А живот так подвело, сил нет! Особенно когда вспоминаю мамины блины и картофельные клецки с молоком. Никто мне теперь ничего вкусненького не готовит. Голодный встаю, на голодный желудок спать отправляюсь. А во сне все ем, ем… И пахучие ведарай, и сладкий кисель. Даже язык прокусил, когда во сне что-то вкусное жевал.
Однажды ночью мне приснилась мама. Привела она меня на кладбище, а папина могилка вся в красивых цветах. Белые, красные, синие и так пахнут! Постояли мы с ней, как обычно, травинку-другую выдернули и к речке отправились. Подняла она меня на руки и несет по мостику, а тот раскачивается. Мне так жутко сделалось, я к ней покрепче прижался, а мама мне и говорит: «Ох, и тяжелый же ты стал. Такой большой вымахал…» Умаявшись, посадила она меня на перила, а я снова кувырк через голову и лечу, покуда не просыпаюсь на лету.

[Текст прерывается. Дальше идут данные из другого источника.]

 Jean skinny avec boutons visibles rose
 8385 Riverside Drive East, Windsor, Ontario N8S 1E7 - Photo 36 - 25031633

Было уже утро, и я сразу подумал о еде. За стеной тетя звякала конфорками и с кем-то громко разговаривала. Сглатывая слюну, я вскочил и побежал умываться. Пятруте помешивала что-то на огне, рядом стояла мама Йонукаса и уголком платка утирала слезящиеся, видно от дыма, глаза.

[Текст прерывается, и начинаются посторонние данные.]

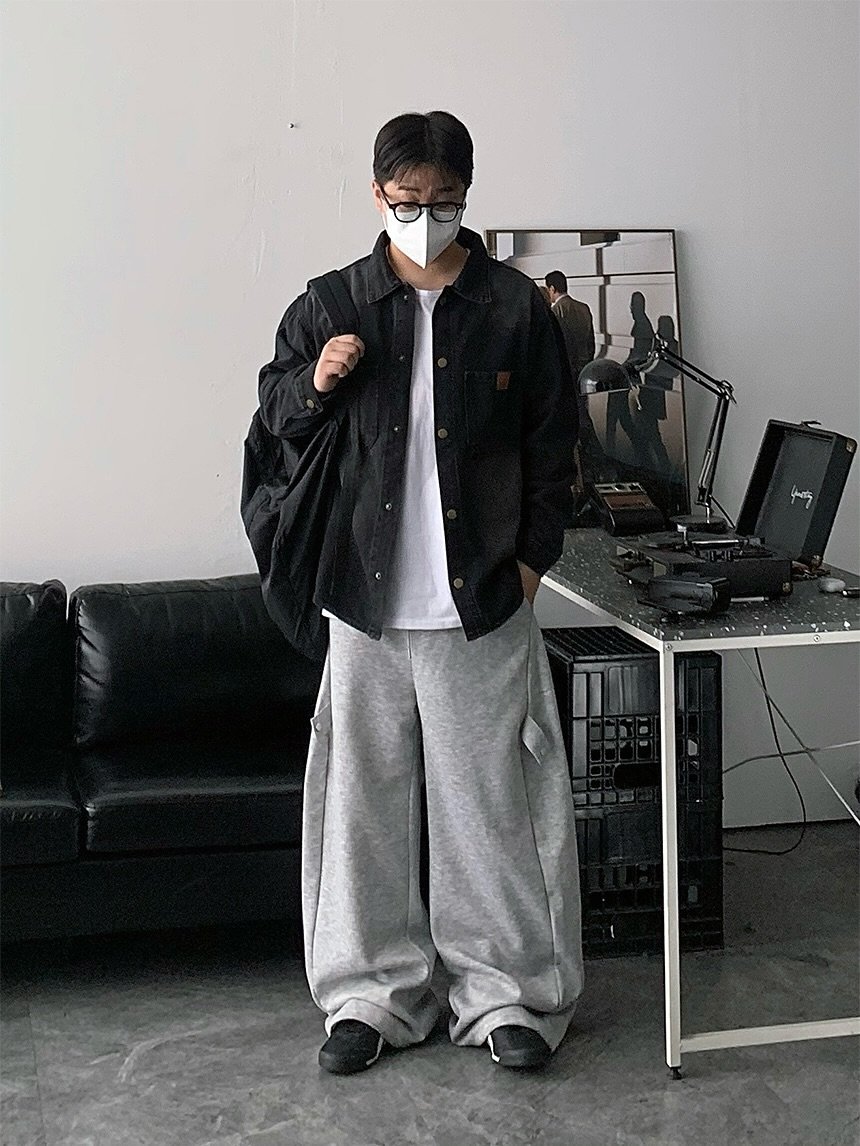 Photo by 클로종 on September 06, 2025. May be an image of 1 person, overcoat and duffle coat.
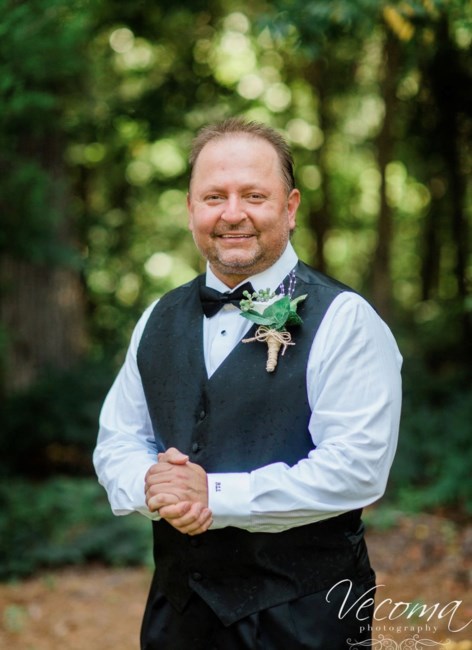 Obituary of Robert Lewis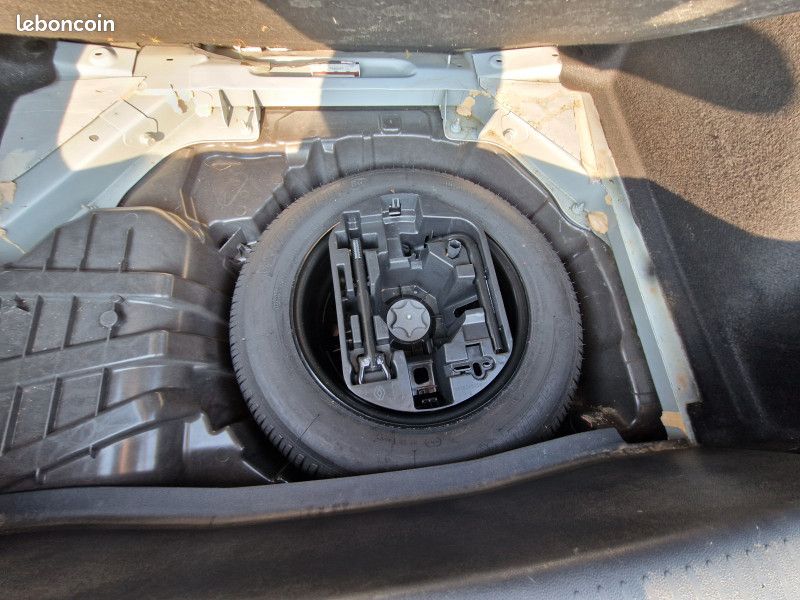 Renault MEGANE IV 1.2 TCE 130CH ENERGY LIMITED (image 13)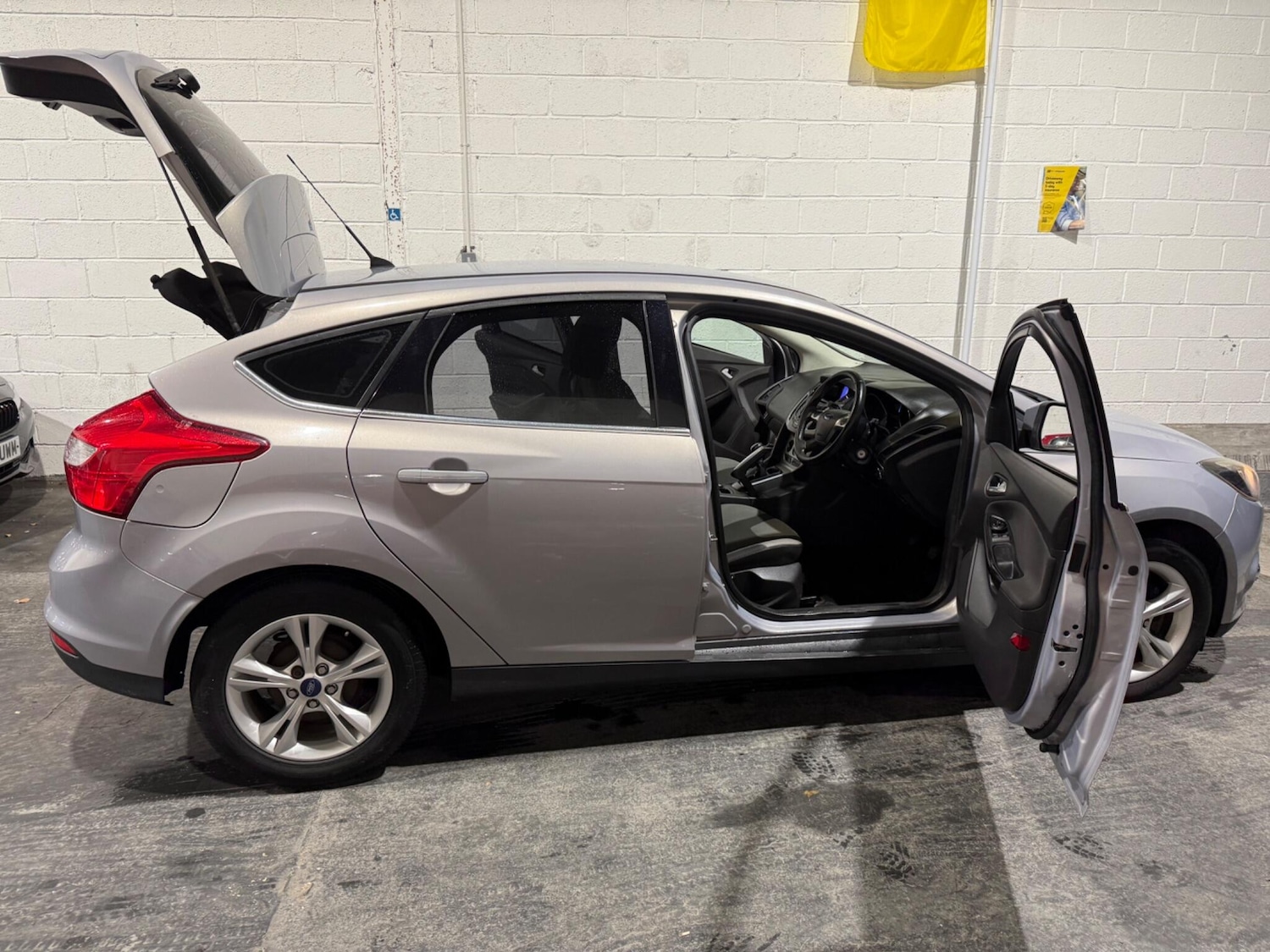 Used Ford Focus 2011 for sale - 77015398: Photo 29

Умывшись, я вытерся рукавами своей рубашки, потому что полотенце пахло тряпкой, и сел за стол. Тетя положила передо мной горбушку хлеба и поставила миску похлебки. Я тут же схватился за ложку, но вовремя вспомнил, как впопыхах не раз обжигал горло. Поэтому степенно перекрестился и только тогда пододвинул к себе похлебку. Но не успел я подуть на нее, как увидел такое! В супе были сварены мои коровки и овечки!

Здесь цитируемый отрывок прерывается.